A street in downtown Vienna
Weather
It feels like autumn here already. We had a week of hot (in the low 80s Fahrenheit) and humid (one day it was 97% humidity!), and now we're having a stretch of cold, cloudy and sometimes rainy days. Today, for example, it was 61 degree Fahrenheit at noon, and the breeze is chilly.

Culture of tipping
Simple breakfast
Unlike in Spain and Paris, where tipping is completely voluntary & there are no hard feelings if you don't, tipping in Vienna is the norm, and if you don't tip it's an insult. I haven't asked anyone yet what the usual amount is, but based on experience it seems that 10% is completely satisfactory, and if you leave 20% they act like you've just given them a huge present. The tricky part - which luckily I learned during my first week from Georg, my housemate's brother - is that (unlike in the U.S., Spain & France) you're not supposed to wait until they've already given you change and walked away. Instead, when the server tells you the total, you should immediately say back to them a new total that includes tip. For example, if the server says that the bill for my coffee is €3,20, then I might tell her €3,50. That way she knows I intend to leave a tip and she might actually smile at me. Or at least let one corner of her mouth lift a centimeter for a split-second. It also saves her the trouble of trying to find the right amount of change when I only intend to give part of it back to her anyway. So I tell her the new total, she immediately says, "Danke," and then gives me the correct change minus tip.

Language
I've had a little success practicing the bisschen German I know when I'm out and about. Although at a proper cafe or restaurant they'll usually start speaking English to me once they figure out I don't really speak German (doesn't take long), a vendor at the market usually just keeps repeating the same German words or starts using gestures until I get it. Last Sunday I went into the cafe-bar next door and had a conversation of sorts with the server and the one other customer in there, neither of whom spoke more than a few words English. They were very tolerant of the fact that I only knew, like, five verbs and only in the present tense. (Now I know more like 10 verbs.)
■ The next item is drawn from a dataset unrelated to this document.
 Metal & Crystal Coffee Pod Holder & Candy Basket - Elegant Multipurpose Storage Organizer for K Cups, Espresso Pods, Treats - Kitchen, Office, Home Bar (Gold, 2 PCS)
Other language observations:

Ferris wheel at the Prater
Genau means exactly, but they use it the way I'd use the words yep or right to affirm something, which is to say they use it all the time.
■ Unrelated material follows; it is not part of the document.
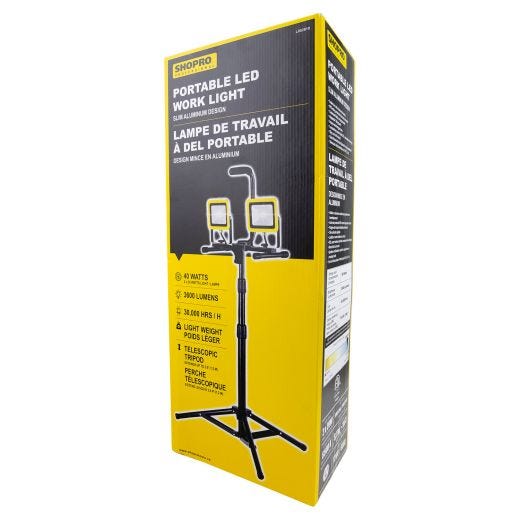 Lampe de travail DEL portative à double tête 3 400 lm avec t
It seems to me at this point in my language-learning that the vast majority of German nouns and verbs begin with Sch- Sp- and St-, and therefore it's super difficult to keep words straight in my head.

Achtung! (Attention!):
Ich habe eine Spitze = I'm tipsy
Ich bin spitz = I'm horny 

Food
I've noticed a lot of bottled beer. There's also wine - both red and white - though often the white wine has seltzer water in it. Not my favorite. A classmate of mine observed the other day that it's nearly impossible to find a bottle of straight-up juice here; they're all juice mixed with sparkling water. It seems the Viennese like their sparkling water.

Pastries for breakfast
 There are a ton of cafes here, and as in other parts of Europe, the cafes also serve alcohol. The Viennese version of a cafe con leche or café créme is a melange, pronounced just like in French. There are several different versions of the coffee-with-milk drink here, but if you don't want an inch of foam on top, it's a melange. It's even more expensive here than in Paris, and as in Paris, there's no consistency across the city. (It had never even really occurred to me how odd it is that you can order a coffee in Spain in pretty much any city and any cafe/bar/restaurant and count on the price of that cup of coffee being fairly consistent - somewhere between €1,10-1,40.) Anyway, the cheapest melange I've found here in an actual cafe is €2,50 at the cafe-bar next door, and the most I've paid so far is €3,80. Luckily, my language school has a kaffeeautomat (coffee vending machine) where I can get a decent latte macchiato for only €1.

Handle of pork, fried chicken
As for food, they seem to eat a lot of cheese, bread and meat here. Pork especially, but also chicken and beef. Much of what's advertised on picture menus at restaurants is meat pounded into a flat disc and fried, then served with what they call pommes frites, a term they took from French. In contrast, you can order a Frankfurter or other type of sausage, which they'll serve grilled and sliced into bite-size pieces along with whatever sauce you ask for (e.g. some kind of mustard, ketchup, mayo, etc.). They also have loaves of meat and handles of meat. And they like their meat with cheese injected into it. I've seen sausages with cheese in them and loaves with cheese in them. There's also a vendor of meat products that has an entire section of sausages made out of horse meat.

1 comment:

  1. The weather is still warm here so 60 degree weather sounds pleasant (although everyone here starts wearing long sleeves when the weather starts going toward 60).

    The tipping thing is interesting. I know that in the US that the pay is almost nothing and that why servers usually expect tips. Whereas in Spain they pay their servers properly so tipping isn't that huge a deal. The tipping in Vienna sounds super efficient in Vienna in comparison.